- [Source data]
※ ※ ※
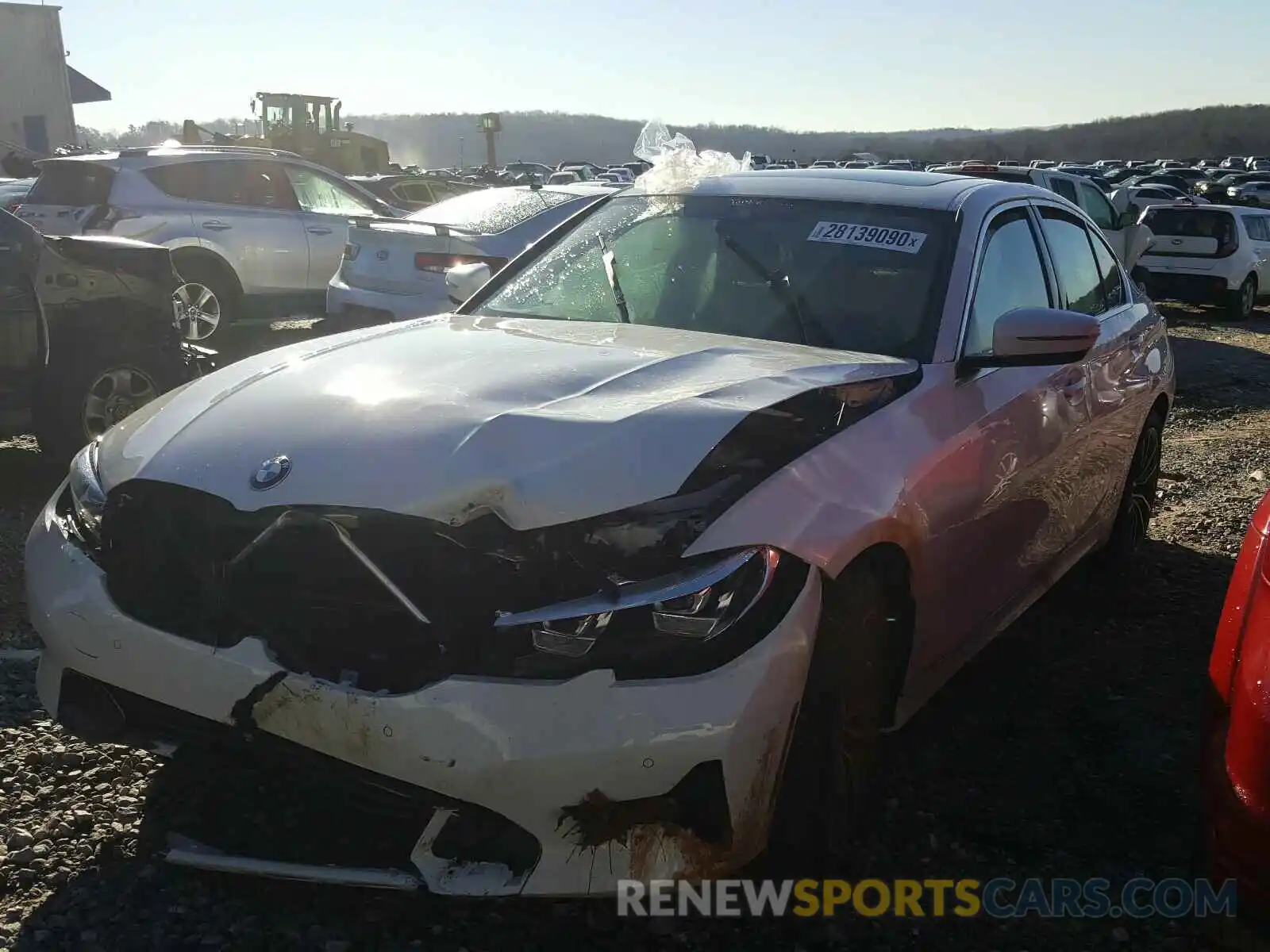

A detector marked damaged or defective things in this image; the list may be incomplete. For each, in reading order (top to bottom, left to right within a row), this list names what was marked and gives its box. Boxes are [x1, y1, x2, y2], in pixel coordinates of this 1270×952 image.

shattered windshield [475, 194, 955, 360]
broken headlight housing [67, 441, 106, 543]
crumpled hood [94, 317, 919, 533]
damaged front bumper [29, 487, 828, 898]
broken headlight housing [487, 548, 797, 680]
※ ※ ※
- [Task statement]
Will you restate every entry word for word and omit the images?

- [Output]
A detector marked damaged or defective things in this image; the list may be incomplete. For each, in reading order (top to bottom, left to right within a row), this list names what was marked and gives its box. Boxes are [x1, y1, x2, y2], in pixel coordinates of this 1270×952 image.

shattered windshield [475, 194, 955, 360]
broken headlight housing [67, 441, 106, 543]
crumpled hood [94, 317, 919, 533]
damaged front bumper [29, 487, 828, 898]
broken headlight housing [487, 548, 797, 680]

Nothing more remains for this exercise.